Any advice would be great.

Thanks a lot.

Ed


----------



## Guest (Nov 7, 2016)

Hi Ed,

Yep, they say hindsight's 20/20. I think lots of people go on to see they had problems earlier than they realized at the time, often when circumstances change and they find more perspective and insight.

I have heard people here describing similar issues to the ones you have - trouble concentrating, reading and just comprehending what others are saying. Welcome to the site


----------



## Queen Frick (Jun 17, 2014)

That makes complete sense! I've been suffering from depression and anxiety nearly my entire life and only started to realize it when I was in my late teens.

Welcome!


----------



## eddy1886 (Oct 11, 2012)

ewalford said:


> Evening all,
> 
> I'm a newbie on here as you will probably of guessed seeing that I'm posting in an introducing yourself topic!
> 
> ...


Its a concentration thing....Anxiety and DP can wreck your concentration levels...As a result it becomes difficult and almost too overwhelming to process information...I have awful trouble reading as regards taking in the info on the page...I also have often felt in one on one situations that the other person is just firing stuff at me at 100 miles an hour and as a result I become overwhelmed and cant absorb what they are saying to me..


----------



## ewalford (Nov 6, 2016)

Hi guys,

Thanks for all your replies. I probably is just a DP/Anxiety kind of thing it's just quite demoralizing when you minds telling you that simple words such as yes and no don't have meaning even though you use them fluently everyday! I'm not unconvinced that there isn't a bit of OCD thrown into the mix as well! Think my mum's is just overloaded at the moment.

Thanks

Ed


----------



## Lostsoul26 (Nov 9, 2016)

Im a newbie here too.welcome n I can relate 100 percent to that when my dp n depression are at there worst and I would be having convos with my bf I would think to myself its like he is talking to nobody like he is talking to a statue im not even here.smh very tripped out i hate it


----------



## ewalford (Nov 6, 2016)

Thanks Lostsoul26,

Yeah it does feel unreal in terms of having a conversation.

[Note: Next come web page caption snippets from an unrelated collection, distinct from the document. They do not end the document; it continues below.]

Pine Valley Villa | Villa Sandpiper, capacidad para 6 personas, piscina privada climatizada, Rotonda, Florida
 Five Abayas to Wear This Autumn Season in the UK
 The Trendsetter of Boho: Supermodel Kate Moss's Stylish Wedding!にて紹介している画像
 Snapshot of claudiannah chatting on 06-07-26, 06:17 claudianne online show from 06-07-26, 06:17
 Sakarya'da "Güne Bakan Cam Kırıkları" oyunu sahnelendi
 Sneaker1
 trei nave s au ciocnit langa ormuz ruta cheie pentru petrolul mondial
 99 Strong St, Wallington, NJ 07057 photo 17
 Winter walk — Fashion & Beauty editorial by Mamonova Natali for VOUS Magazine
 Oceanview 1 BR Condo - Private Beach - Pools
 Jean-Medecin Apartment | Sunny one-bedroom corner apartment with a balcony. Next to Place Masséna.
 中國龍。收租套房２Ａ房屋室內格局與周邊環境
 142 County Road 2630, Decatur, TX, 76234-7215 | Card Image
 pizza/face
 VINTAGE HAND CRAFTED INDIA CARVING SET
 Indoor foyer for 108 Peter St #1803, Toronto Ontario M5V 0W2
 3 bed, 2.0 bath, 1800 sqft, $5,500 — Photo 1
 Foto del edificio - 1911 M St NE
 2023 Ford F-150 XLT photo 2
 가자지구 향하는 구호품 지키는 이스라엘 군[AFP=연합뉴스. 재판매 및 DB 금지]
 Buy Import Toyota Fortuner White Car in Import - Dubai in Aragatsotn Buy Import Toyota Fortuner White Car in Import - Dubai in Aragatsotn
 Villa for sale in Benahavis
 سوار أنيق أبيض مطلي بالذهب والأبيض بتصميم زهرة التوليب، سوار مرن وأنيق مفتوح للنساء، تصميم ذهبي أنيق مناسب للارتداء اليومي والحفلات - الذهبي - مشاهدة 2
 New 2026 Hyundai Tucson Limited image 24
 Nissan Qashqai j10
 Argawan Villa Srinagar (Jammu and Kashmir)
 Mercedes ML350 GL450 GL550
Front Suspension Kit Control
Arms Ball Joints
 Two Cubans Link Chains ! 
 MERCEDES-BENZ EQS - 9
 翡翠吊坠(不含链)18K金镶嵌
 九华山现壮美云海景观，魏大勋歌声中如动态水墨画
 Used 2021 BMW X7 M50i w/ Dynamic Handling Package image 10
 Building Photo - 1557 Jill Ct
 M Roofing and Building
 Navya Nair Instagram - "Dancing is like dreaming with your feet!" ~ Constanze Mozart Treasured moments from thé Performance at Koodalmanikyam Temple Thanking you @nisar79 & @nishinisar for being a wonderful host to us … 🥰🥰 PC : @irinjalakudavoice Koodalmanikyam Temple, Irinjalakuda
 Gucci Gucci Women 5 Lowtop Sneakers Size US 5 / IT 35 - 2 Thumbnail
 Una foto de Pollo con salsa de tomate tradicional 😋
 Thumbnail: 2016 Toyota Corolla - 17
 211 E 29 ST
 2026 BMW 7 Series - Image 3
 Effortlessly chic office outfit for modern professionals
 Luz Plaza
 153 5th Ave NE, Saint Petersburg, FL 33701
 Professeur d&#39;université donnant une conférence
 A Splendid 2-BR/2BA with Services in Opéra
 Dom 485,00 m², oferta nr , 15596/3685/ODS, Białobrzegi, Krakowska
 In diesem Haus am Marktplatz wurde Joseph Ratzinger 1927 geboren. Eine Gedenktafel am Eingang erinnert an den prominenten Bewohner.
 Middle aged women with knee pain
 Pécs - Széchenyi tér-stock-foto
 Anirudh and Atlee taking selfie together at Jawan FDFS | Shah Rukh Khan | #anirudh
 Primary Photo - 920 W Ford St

I lose track of the topic all the time. Did think that it was something like early-onset Semantic Dementia/PPA sonethinf like that but I guess at 35 I'm too young!

Cheers

Ed


----------



## Lellaboo (Nov 7, 2016)

Hi Ed,
I'm having an awfully hard time myself trying to comprehend speech. I'm getting everyone to repeat things to me atm as it's just getting fogged in my head. Reading isn't affected, unless I've not been sleeping good, then I just can't concentrate at all. I'm having to watch everything on TV with subtitles to even catch a word!
I also deal with a lot of obsessive, intrusive thoughts and am currently tackling them, doing quite well already after only joining this site a few days ago. 
Do hope you find this site supportive 

I hadn't even heard of DP until around a month ago, believe me, I was endlessly searching and thought I was suffering from all kinds of diseases! 

Good luck on your fight.


----------



## eddy1886 (Oct 11, 2012)

Lellaboo said:


> Hi Ed,
> I'm having an awfully hard time myself trying to comprehend speech. I'm getting everyone to repeat things to me atm as it's just getting fogged in my head. Reading isn't affected, unless I've not been sleeping good, then I just can't concentrate at all. I'm having to watch everything on TV with subtitles to even catch a word!
> I also deal with a lot of obsessive, intrusive thoughts and am currently tackling them, doing quite well already after only joining this site a few days ago.
> Do hope you find this site supportive
> ...


I had this condition for 15 years before I discovered what it really was....The relief was unbelieveable when I found out what I had...In fact finding out what it truly was in a way took the power from the symptoms...A big part of this condiditon is constantly thinking its something worse...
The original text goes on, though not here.